→ Exercise objective
For the records below, output word for word the lines from the one with "Timpano sopra il" up to and including the one with "Photo 6 of 108". No pictures.

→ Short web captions

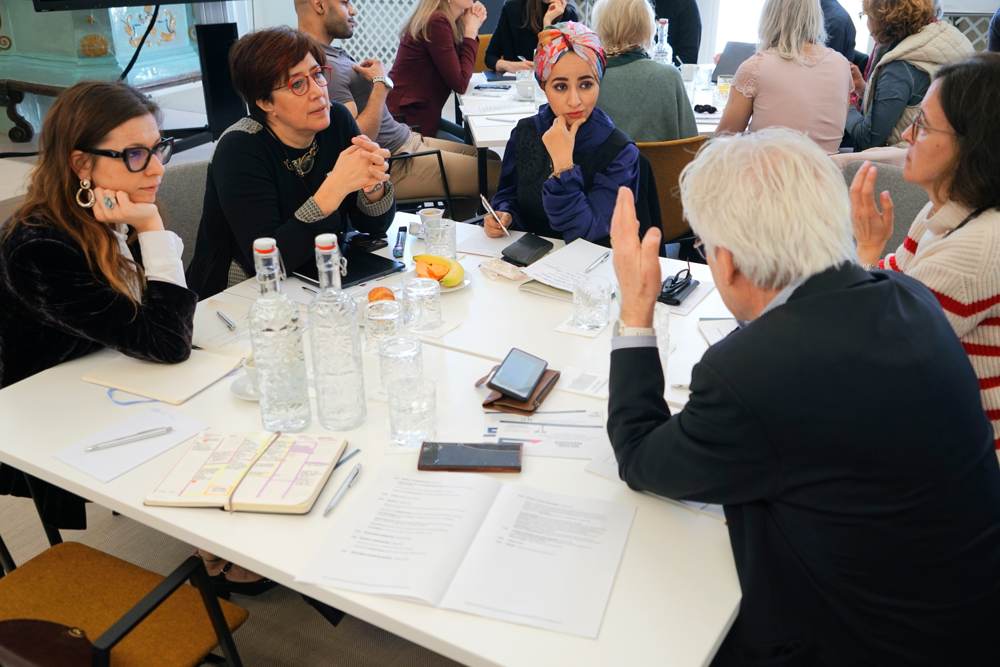 Plenary exchange — Cross‑disciplinary dialogue with camp participants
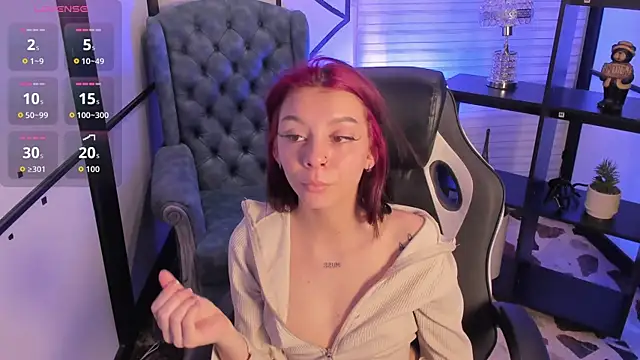 Snapshot of CleoWhite chatting on 11-17-25, 10:15 CleoWhite online show from 11-17-25, 10:15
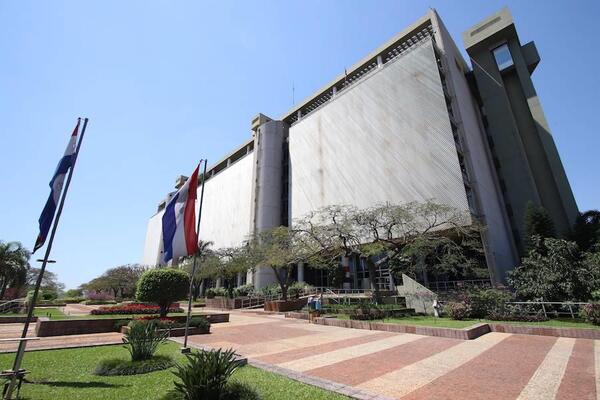 Bancos deberán tener más "colchón" de dinero: nueva regla apunta a evitar crisis de liquidez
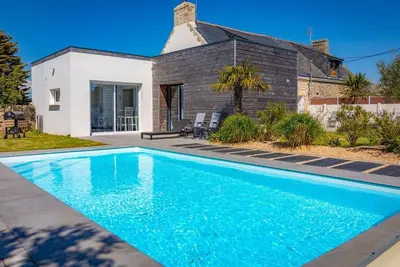 Image de Maison avec Piscine Chauffée, Jardin, Wifi, Proche Plages et Commodités à Erdeven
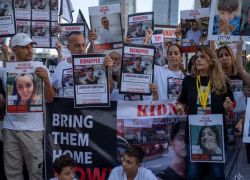 مصادر إسرائيلية تكشف سبب تراجع نتنياهو عن صفقة الأسرى في اللحظة الأخيرة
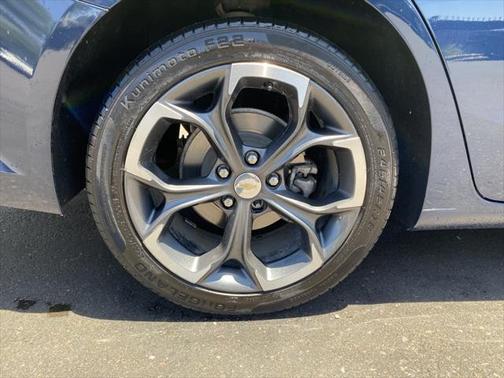 2022 Chevrolet Malibu FWD LT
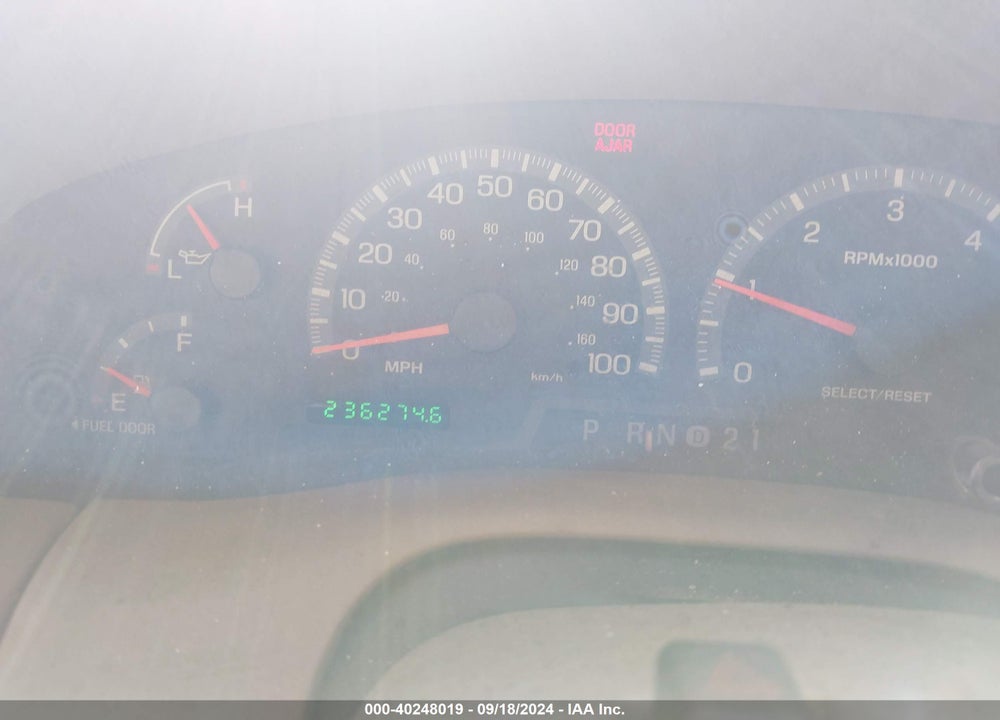 2002 FORD EXPEDITION EDDIE BAUER VIN: 1FMRU17W32LA86266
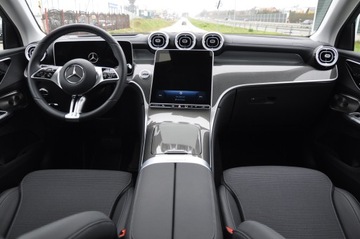 Mercedes GLC C254/X254 Coupe 2.0 220d 197KM 2024 Mercedes GLC 220d COUPE 4MATIC Krajowy Bezwypadkowy Na Gwarancji Fabrycznej, zdjęcie 2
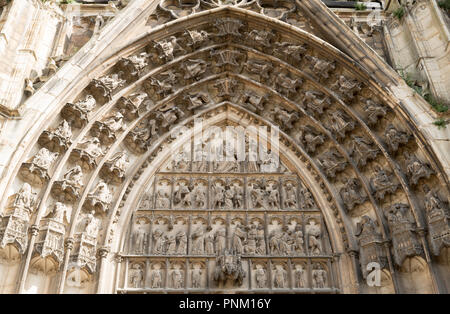 Timpano sopra il portale principale nel transetto sud della Cathédrale Saint Étienne, in Auxerre, Borgogna, in Francia, in Europa Foto Stock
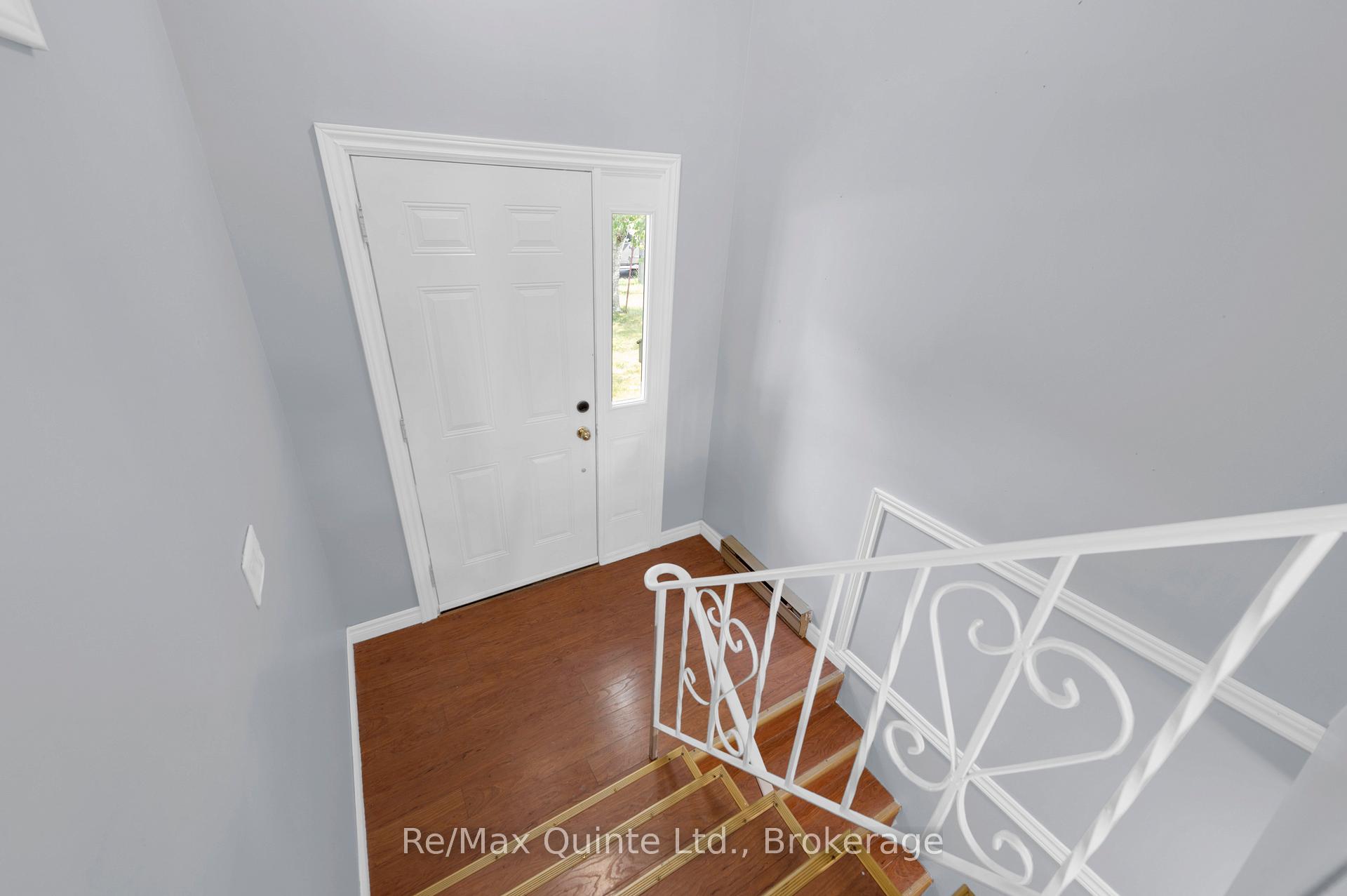 Photo 6 of 108 Nicholas Street, Quinte West, Trenton Ward — HOMEH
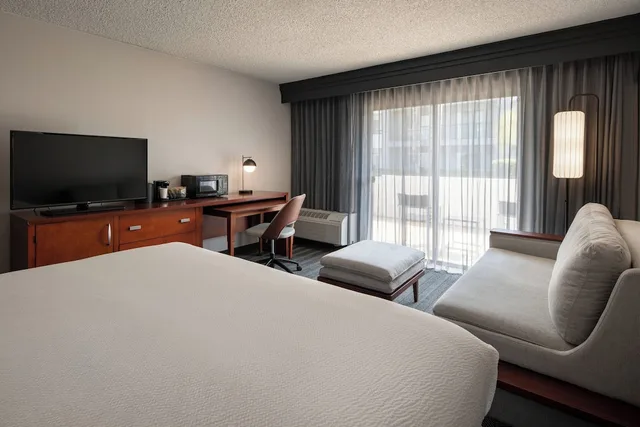 غرفة بسرير كينج مع أريكة لذوي الإعاقة، Courtyard By Marriott Fresno 2/6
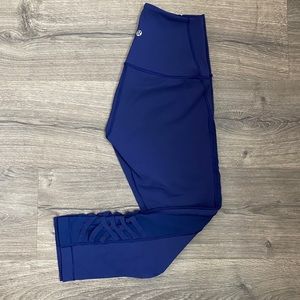 Lululemon navy blue high waist leggings.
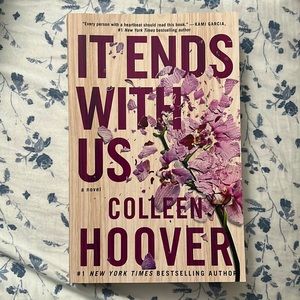 It Ends With Us by Colleen Hoover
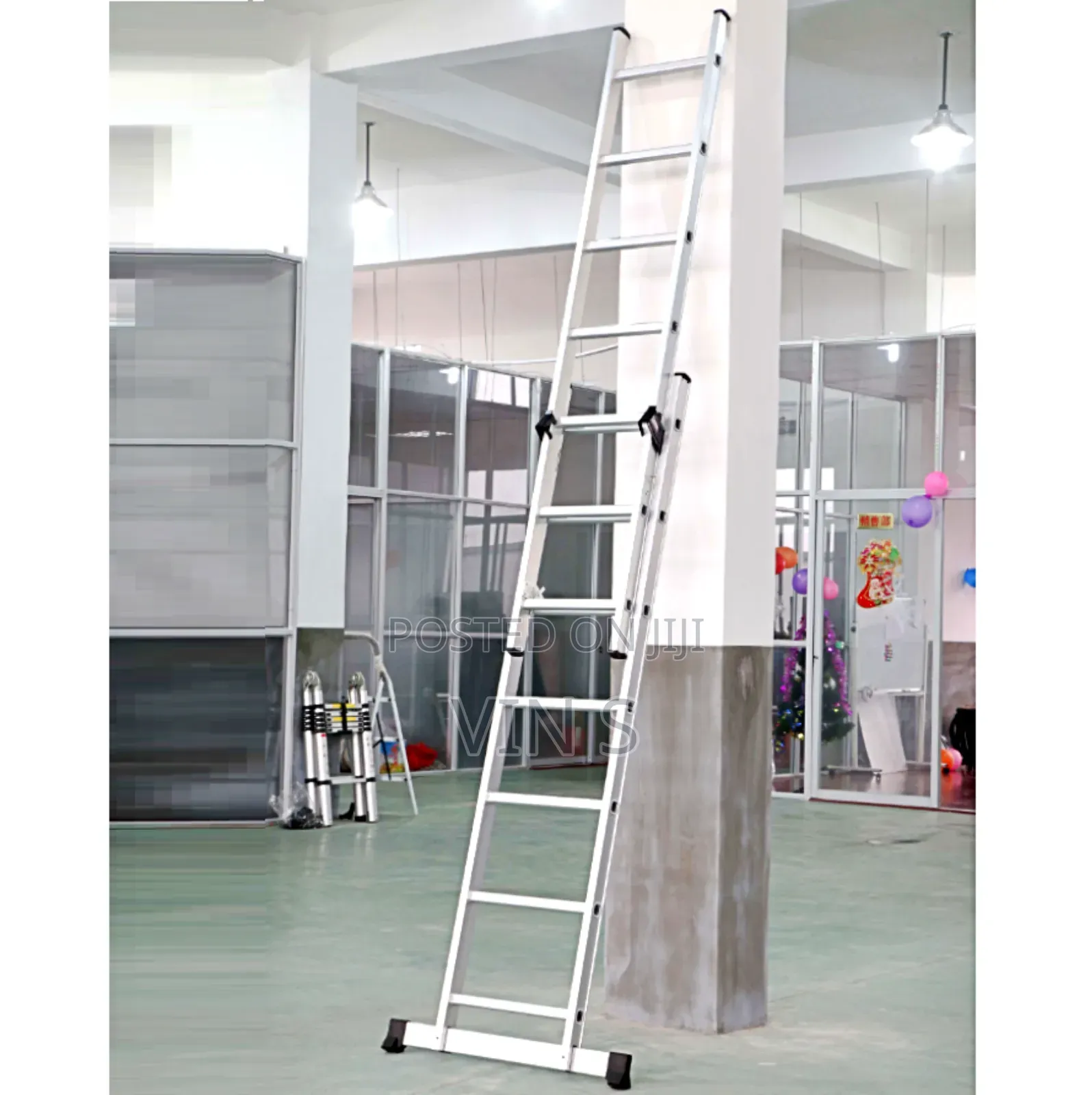 Extension Ladders# Extensïon Laddérs* Extènsion Ladděrs
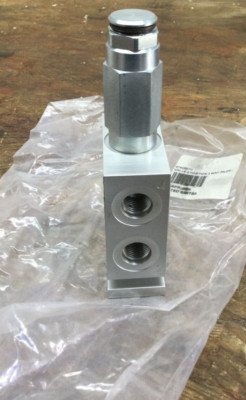Terex 476051 VALVE 2 POSITION 3 WAY PILOT | eBay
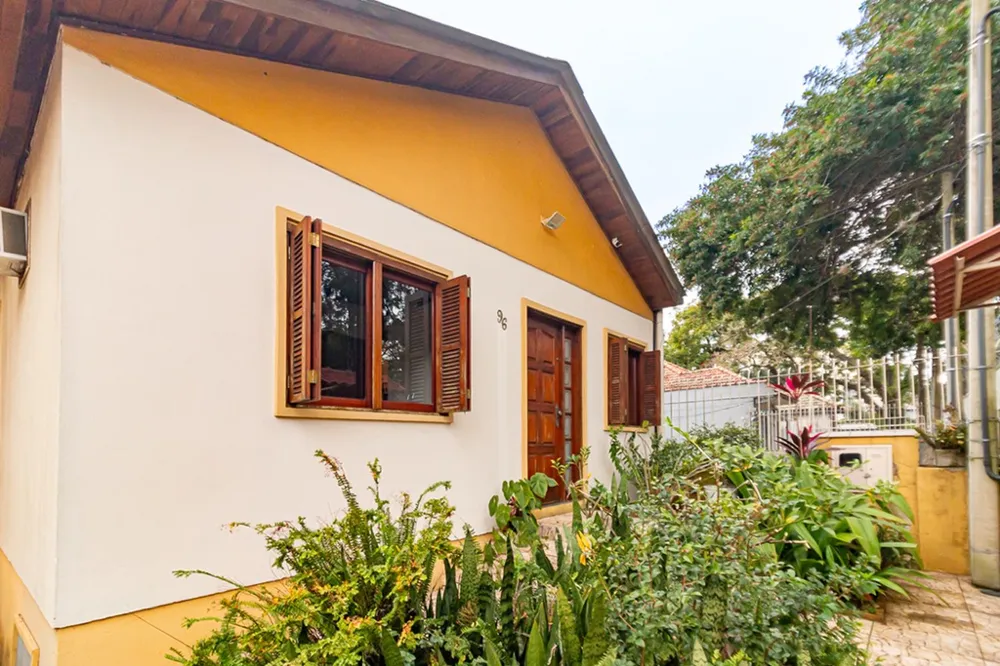 Casa para venda no bairro Vila Ipiranga em Porto Alegre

→ Solution
 Timpano sopra il portale principale nel transetto sud della Cathédrale Saint Étienne, in Auxerre, Borgogna, in Francia, in Europa Foto Stock
 Photo 6 of 108 Nicholas Street, Quinte West, Trenton Ward — HOMEH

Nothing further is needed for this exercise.